DATASET SECTION:
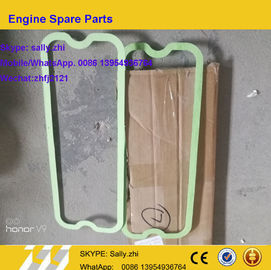 junta a estrenar 6105Q-1003022, piezas de la cubierta de culata del motor del yuchai para el motor YC6B125-T10 (B7626) del yuchai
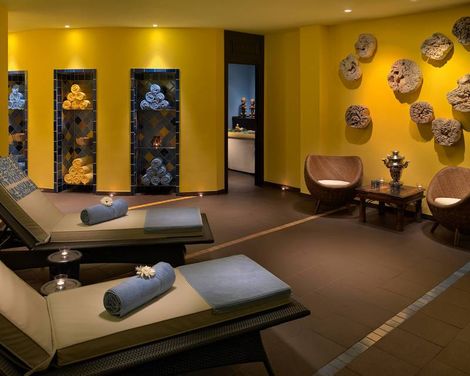 Seaside Grand Hotel Residencia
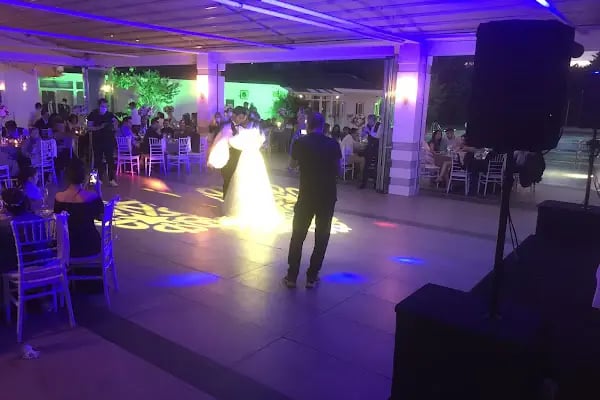 RAKET TENİS KULÜBÜ - Resim 19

REQUIRED WORK: Your copy should hold exactly the lines from the one that contains "Seaside Grand Hotel Residencia" through the final line of the data, both ends included, and no pictures.

TASK RESULT:
 Seaside Grand Hotel Residencia
 RAKET TENİS KULÜBÜ - Resim 19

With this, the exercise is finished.